4Q15/FY15 Actual vs. Expectation s
FY15 net profit of RM203.3m (+40% YoY) came in within expectations, at 102% and 101% of our and consensus full-year forecasts, respectively.
No dividend was declared in this quarter. Key Result
QoQ, 4Q15 revenue fell marginally by 0.6% to RM439m due largely to lower contribution from gloves division, which accounted for more than 86% of total revenue. Specifically, gloves revenue fell 2% despite higher volume growth (12% QoQ) on the back of 82% utilisation rate which more than offset lower ASP. Pre-tax margin improved to 17.9% from 16% in 3Q15 due to better product mix skewed towards nitrile. The product mix of nitrile and natural rubber for the current quarter stood at 70:30 (versus 68:32 in 3Q15). This brings 4Q15 net profit to RM55.2m (flat QoQ) dragged down by higher effective tax rate of 28% compared to 21% in 3Q15.
YoY, FY15 revenue rose 26% to RM1.7b thanks to higher glove sales volume (+26%) and higher RM ASPs due to the weaker MYR against USD. Higher volume sales, better product mix (the product mix of nitrile and natural rubber for FY15 was 70:30 (versus 57:43 in FY14) and improved operational efficiency led to FY15 EBITDA margin of 21% compared to 19% in FY14. This brings FY15 PATAMI to RM203m (+40% YoY).
Looking ahead, growth in subsequent quarters is to be driven by Plant 2 and 3 with 4b pieces capacity per annum, expected to be running at full capacity. We understand that clients have been found for the new capacity. This brings the three new plants installed capacity to 22b from 16b per pieces of gloves per annum.
Meantime, another ongoing project is also expected to complete and contribute in 2HFY17. Kossan has started construction of one nitrile glove plant located in Jalan Meru near to its existing plants and this plant once completed, will add another 3.0 billion pieces of glove to the existing. With this expansion program gradually completing and contributing within financial year 2017.
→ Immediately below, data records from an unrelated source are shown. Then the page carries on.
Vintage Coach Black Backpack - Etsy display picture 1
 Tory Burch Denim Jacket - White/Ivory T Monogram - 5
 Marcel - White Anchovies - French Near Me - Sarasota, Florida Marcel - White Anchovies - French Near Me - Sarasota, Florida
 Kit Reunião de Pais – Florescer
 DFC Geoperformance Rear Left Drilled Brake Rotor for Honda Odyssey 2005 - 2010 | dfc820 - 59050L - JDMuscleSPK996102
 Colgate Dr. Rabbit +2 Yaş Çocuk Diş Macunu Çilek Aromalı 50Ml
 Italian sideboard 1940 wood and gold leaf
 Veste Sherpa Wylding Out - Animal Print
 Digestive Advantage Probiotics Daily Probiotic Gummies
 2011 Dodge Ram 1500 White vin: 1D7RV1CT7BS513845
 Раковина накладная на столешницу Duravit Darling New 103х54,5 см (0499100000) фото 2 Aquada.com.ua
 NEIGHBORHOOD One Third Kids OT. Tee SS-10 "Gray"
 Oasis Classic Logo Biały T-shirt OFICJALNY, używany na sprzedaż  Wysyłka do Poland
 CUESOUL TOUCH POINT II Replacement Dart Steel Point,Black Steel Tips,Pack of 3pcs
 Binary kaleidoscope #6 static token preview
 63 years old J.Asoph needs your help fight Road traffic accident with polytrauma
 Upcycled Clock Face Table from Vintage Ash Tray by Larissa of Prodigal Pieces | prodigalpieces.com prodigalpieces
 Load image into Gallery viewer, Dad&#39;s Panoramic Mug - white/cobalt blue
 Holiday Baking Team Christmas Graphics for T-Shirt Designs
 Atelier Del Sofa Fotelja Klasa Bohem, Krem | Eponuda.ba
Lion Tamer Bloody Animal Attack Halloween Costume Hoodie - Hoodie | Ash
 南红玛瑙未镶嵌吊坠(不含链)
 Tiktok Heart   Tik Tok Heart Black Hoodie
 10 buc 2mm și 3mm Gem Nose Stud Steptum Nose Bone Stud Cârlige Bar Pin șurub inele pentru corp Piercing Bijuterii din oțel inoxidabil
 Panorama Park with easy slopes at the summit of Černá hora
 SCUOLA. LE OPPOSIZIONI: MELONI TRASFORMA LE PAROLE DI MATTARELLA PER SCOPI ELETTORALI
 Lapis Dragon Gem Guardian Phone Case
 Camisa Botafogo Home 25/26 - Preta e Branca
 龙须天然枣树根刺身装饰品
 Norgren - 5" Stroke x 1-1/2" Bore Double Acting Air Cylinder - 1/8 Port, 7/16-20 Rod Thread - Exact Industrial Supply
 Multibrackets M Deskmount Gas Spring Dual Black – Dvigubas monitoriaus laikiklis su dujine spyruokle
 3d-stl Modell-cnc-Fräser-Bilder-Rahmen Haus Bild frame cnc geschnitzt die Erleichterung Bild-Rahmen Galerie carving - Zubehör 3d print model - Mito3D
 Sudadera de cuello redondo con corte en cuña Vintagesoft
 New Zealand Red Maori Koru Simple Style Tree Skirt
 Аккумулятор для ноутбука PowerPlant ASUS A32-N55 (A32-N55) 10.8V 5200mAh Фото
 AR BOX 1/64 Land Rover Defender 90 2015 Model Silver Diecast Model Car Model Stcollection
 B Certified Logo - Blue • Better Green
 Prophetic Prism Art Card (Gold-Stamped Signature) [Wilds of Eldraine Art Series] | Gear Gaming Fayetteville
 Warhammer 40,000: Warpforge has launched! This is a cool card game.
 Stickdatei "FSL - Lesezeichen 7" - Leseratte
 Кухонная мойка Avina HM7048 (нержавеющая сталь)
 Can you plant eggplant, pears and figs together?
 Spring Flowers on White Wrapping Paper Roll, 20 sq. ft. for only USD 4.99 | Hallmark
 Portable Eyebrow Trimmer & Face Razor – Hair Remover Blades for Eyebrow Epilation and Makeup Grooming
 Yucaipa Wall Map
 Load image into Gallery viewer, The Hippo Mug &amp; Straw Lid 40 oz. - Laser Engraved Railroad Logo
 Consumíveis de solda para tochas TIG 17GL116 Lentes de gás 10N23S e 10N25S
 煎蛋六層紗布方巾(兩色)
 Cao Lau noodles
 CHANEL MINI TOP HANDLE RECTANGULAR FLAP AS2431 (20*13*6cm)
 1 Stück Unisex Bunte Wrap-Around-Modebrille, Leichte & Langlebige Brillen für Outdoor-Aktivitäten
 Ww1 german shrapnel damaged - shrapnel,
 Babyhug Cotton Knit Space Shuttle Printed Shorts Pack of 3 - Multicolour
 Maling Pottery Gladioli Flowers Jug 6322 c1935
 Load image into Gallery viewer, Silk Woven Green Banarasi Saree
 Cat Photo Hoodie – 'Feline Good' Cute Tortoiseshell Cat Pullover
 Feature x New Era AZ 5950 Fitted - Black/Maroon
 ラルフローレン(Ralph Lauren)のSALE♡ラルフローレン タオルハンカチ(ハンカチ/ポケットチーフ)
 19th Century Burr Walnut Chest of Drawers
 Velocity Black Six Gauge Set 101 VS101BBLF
No changes to our earnings forecasts.
The share price has retreated 27% and the valuations appear compelling. As such we upgrade our Market Perform rating to Outperform. Our target price is RM9.11 based on unchanged 22x FY17E EPS.
We like Kossan for: (i) its net profit growth of 17% and 12% in FY16E and FY17E, respectively, and (ii) the unprecedented earnings growth over the next two years underpinned by rapid capacity expansion.
Delay in commissioning of new production lines.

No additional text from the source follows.